# wi-fi interfering with digital TV remote?



## gizmo_118 (May 18, 2005)

hi, recently my remote for my digital TV doesnt work well. you have to go very close for it to work. my network is wireless i have tried various things like changing the channel it runs on and disabling it completly nothing has helpled. when one of my computers in the house was searching for the connection it picked up a neighbours wireless connection running the same wireless 802.11g but on a different channel. i was wondering if the channel is interfering with the remote. Thanks for any help


----------



## dai (Jul 2, 2004)

probably they all run at 2.4gighz


----------



## Terrister (Apr 18, 2005)

Post make and model of the TV and we can check on this.


----------



## gizmo_118 (May 18, 2005)

its not a Tv its a ntl digital TV box that plugs into the TV giving it digital TV. 

this is the box i have http://www.pacemicro.com/corporate/...llid=products_DCABLE&productID=DCABLE-DC221KN

edit: jusst found the remote control instruction book and model number:

NTL04gtwgb


----------



## UncleMacro (Jan 26, 2005)

That thing is described as a "Full-Feature Entry Level Set-top Box". The "entry level" part of it makes it highly likely that your remote is a run-of-the-mill infrared remote. Almost all remotes are infrared because they're cheap to make. RF remotes (ones using radio frequencies instead of infrared) are fairly expensive (US$100 for a cheap one). Unless they tell you that you have an RF remote you should assume that it's just a regular infrared remote. Infrared remotes get weak when the batteries are dying.


----------



## gizmo_118 (May 18, 2005)

ive tried many new batteries and even had a brand new remote sent. so wifi cant interfere with it? could it be the actual reciver on the box that is faulty?


----------



## UncleMacro (Jan 26, 2005)

Oops. I forgot to mention that infrared remotes are not affected by radio networks in anyway. Radio interference has no affect on infrared remotes.

edit:

The only thing which can affect infrared inteference-wise is other infrared light. Strong direct sunlight might affect it (I've never actually tried it) but you don't normally get that inside a house.

You need the line-of-sight between the remote and the settop box to be clear for an infrared remote to work properly. If there's something in the way which isn't transparent to infrared light then it won't work. Your remote has an infrared LED (light emitting diode) which transmits the signal and your settop box has an infrared receiver which receives the signal.
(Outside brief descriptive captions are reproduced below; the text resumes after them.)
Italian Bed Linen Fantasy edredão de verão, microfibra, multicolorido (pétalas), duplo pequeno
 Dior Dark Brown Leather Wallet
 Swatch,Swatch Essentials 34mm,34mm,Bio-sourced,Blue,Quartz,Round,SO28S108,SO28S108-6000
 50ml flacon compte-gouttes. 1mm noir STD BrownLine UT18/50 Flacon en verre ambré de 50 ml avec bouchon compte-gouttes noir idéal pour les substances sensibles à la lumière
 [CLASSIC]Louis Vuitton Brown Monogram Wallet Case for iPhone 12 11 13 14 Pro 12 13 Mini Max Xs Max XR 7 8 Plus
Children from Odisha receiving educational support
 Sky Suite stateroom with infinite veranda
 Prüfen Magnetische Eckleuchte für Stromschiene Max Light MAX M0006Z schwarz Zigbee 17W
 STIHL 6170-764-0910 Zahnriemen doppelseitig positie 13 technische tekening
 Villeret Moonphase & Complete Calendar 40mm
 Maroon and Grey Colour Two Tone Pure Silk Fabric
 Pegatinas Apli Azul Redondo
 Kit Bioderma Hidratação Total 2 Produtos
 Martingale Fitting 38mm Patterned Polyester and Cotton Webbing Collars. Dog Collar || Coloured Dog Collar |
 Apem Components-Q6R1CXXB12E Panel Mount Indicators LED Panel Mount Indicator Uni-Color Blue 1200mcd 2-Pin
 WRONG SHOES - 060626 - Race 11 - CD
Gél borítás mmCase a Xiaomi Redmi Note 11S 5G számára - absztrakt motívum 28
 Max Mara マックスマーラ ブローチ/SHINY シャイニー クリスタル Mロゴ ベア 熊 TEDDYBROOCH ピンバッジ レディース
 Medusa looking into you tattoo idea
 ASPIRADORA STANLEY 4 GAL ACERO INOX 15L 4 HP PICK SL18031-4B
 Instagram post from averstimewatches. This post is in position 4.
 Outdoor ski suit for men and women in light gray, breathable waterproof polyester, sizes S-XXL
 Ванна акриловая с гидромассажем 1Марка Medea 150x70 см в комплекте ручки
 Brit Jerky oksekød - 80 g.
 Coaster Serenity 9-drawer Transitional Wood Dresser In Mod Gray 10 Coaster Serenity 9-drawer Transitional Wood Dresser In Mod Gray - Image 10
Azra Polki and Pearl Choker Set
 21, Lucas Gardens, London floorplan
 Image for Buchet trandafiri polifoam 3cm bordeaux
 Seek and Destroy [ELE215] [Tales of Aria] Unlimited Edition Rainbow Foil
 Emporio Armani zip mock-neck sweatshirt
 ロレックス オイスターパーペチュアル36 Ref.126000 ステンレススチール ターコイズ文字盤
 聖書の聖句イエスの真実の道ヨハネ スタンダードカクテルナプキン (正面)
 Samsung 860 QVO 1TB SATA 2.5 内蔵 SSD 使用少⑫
Sometimes you can see the little plastic tops of the transmitters and receivers sticking out the end of the remote (the end you point at the TV) and on the front of the settop box. Other times they'll just have a clear plastic plate over the infrared transmitters and receivers. Sometimes the plastic plates look a little reddish. Those plastic plates need to be clean for the infrared to get through. Since you've already tried a couple of remotes, it might be a good idea to look carefully at the settop box infrared receiver and make sure some gunk or dust isn't on it.

An infrared transmitter (the part in the remote) eventually gets weaker but only after 10000 hours on continuous use. That should never happen for a remote because it's off almost all the time. An infrared receiver doesn't ever wear out as far as I know. It's more likely to be dust or gunk that something with the infrared transmitter/receiver.


----------



## gizmo_118 (May 18, 2005)

just been playing around with the remote... if i have it on bbc1 which is channel number 101 i can go any distance in the room and turn the channel to anything once only. now i think it is deffinatly something messed up with the reciver. from any other channel i have to get very close for the remote to work.


----------



## UncleMacro (Jan 26, 2005)

Well, that's nothing to do with any infrared transmitter/receiver issue. I don't see how the channel would affect that. Even if you had an RF remote it shouldn't be affected by what channel you're on. It sounds like you may be stuck swapping settop boxes.


----------



## gizmo_118 (May 18, 2005)

well thanks for all your help and fast replys, il contact the people at ntl tomorw


----------



## dai (Jul 2, 2004)

try turning the power off at the wall to the box and then on again to reset it and then try it
i have had to do this with the pace satellite box on a couple of occasions before but with mine the remote would not work at all


----------